Culture

Vladimir Putin's Insecurity Fuels the Russian Tech Industry

Russia's "Troll Army" is mastering the art of cyber propaganda.

by Peter Rugg
YouTube

Vladimir Putin wants desperately to convince you he’s a man of action. A graduate of the “Sun’s Out, Guns Out” School of Politics, he’s posed shirtless on horseback, given martial arts demonstrations, and claims to have retrieved ancient relics from the deep. But a fresh lawsuit from a former professional web troll for the Russian government provides a glimpse behind the curtain of Putin propaganda. And the heart of the Russian president is not strong like bear, but weak like teacup pig.

In her lawsuit, Lyudmila Savchuk says that in December she was hired to work 12-hour shifts posting comments on assigned political subjects across the web in exchange for a monthly salary of 41,000 rubles, or $778 dollars, cash in hand. The paperwork, tax-free pay system provides the legal pretext of her suit, which her attorney says is really just an excuse to force the troll army into the limited Russian sunlight. St. Petersburg human rights organization Kommanda-29 is already using the court action to go after documents on the organization's workings.

Putin’s battle for the hearts and minds of LiveJournal was revealed to the world last month in a Guardian expose. Bloggers would toil in cyber salt mines, camouflaging their political agenda with seemingly harmless posts like “Europe’s 20 Most Beautiful Castles” so readers couldn’t tell the grassroots from the astroturf.

"The scariest thing is when you talk to your friends and they are repeating the same things you saw in the technical tasks, and you realize that all of this is having an effect," one worker said. 

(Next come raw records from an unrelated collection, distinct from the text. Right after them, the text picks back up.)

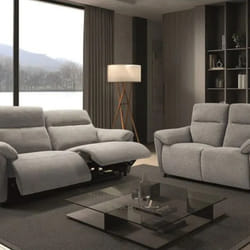 MAZARO - Canapés 3 Places Relax Electrique + 2 Places Fixe Tissu Gris Chiné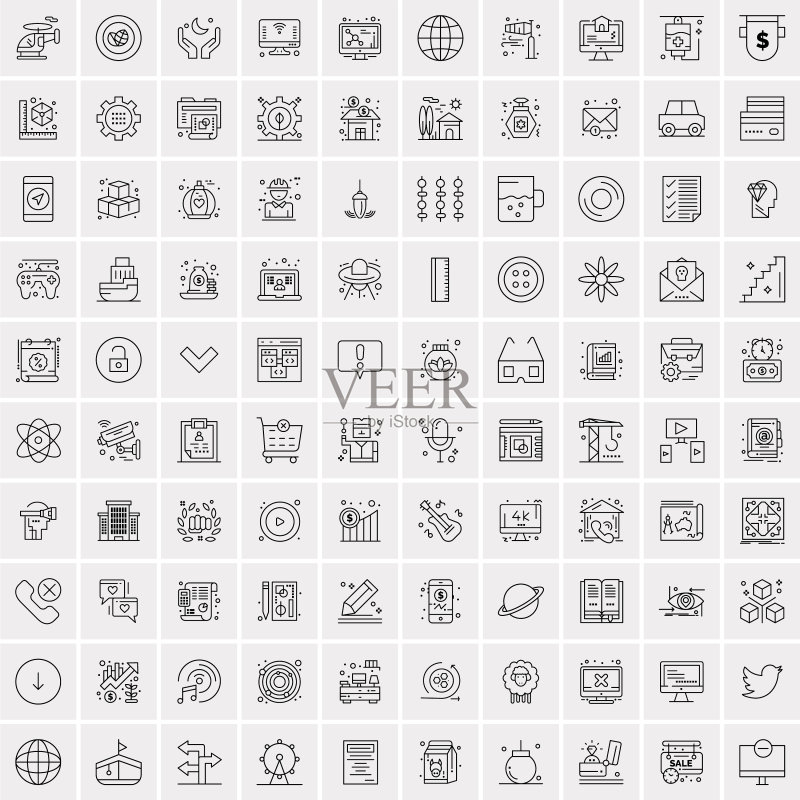 100个商业图标通用设置的web和图标素材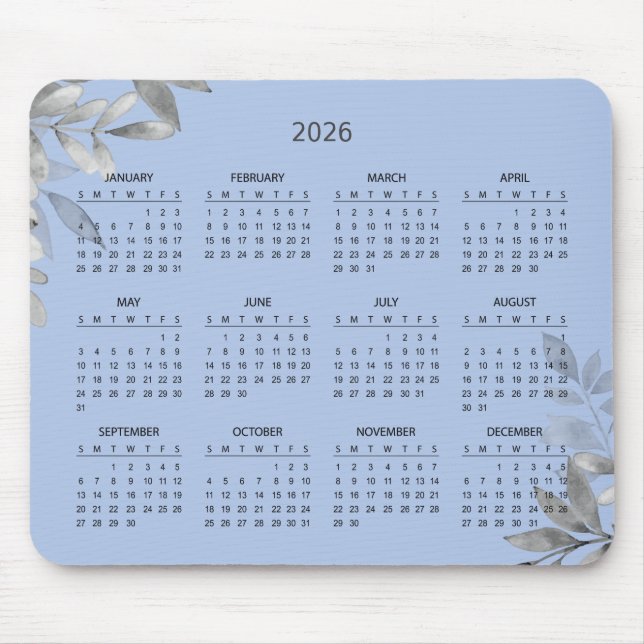Mousepad Calendário Botânico Elegante Simples 2026 | Mousep (Frente)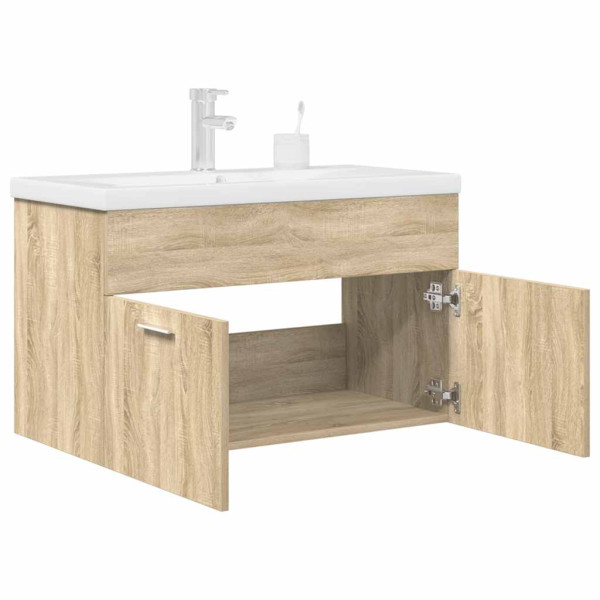 Mueble de baño con lavabo incorporado y grifo roble Sonoma D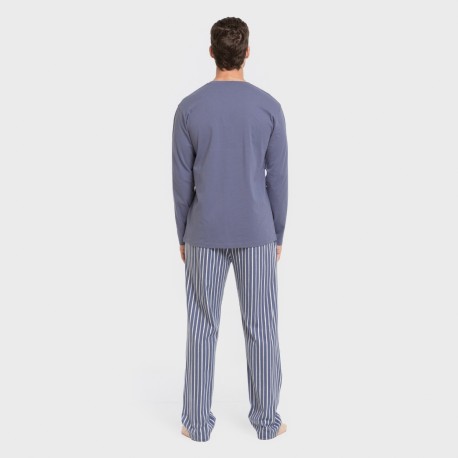 Pijama largo algodón hombre Raya Fernando azul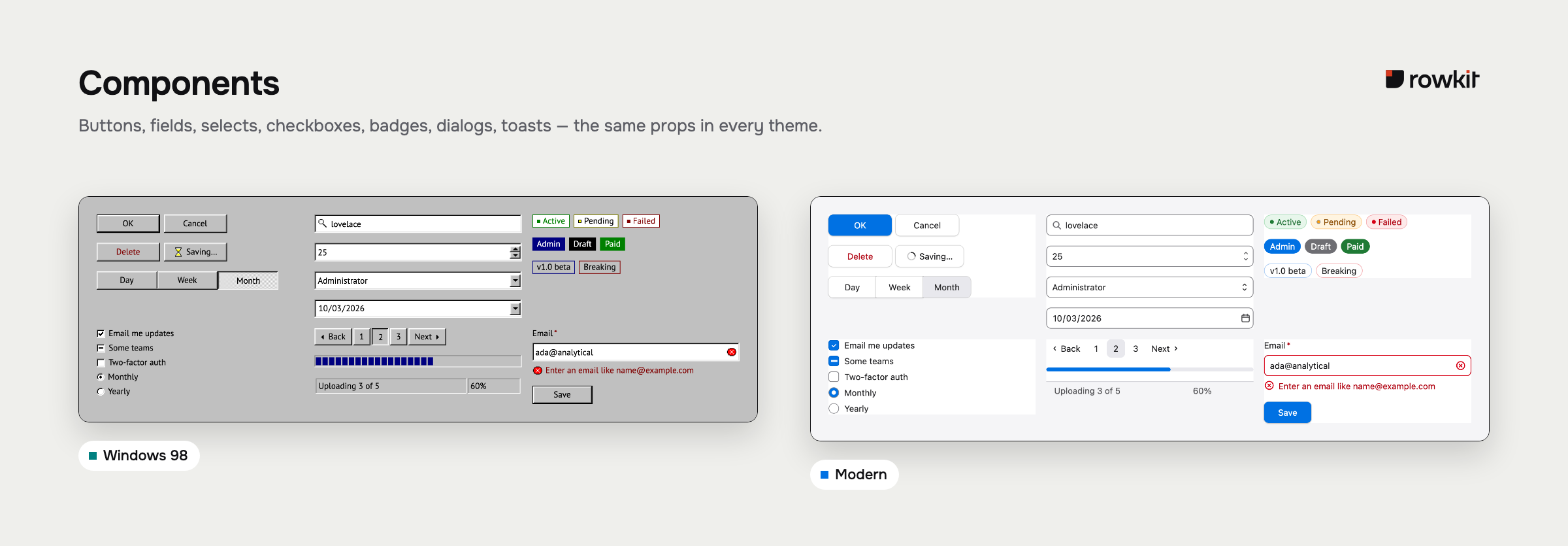 The same components in Windows 98 and the modern theme: buttons and a button group, inputs and a select, badges, checkboxes and radios, pagination with a progress bar and a status bar, and a field with an error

Hopefully this suit results in some good old fashioned public oversight, but given Putin’s unsettling history of disappearances, assassinations, and incarcerations, any blog commenters looking to pile onto their president should probably reconsider. Putin wants the Internet to like him, and making the Internet like anything requires an industrial-level operation. We may now get to see just how huge the Kremlin’s machine really is.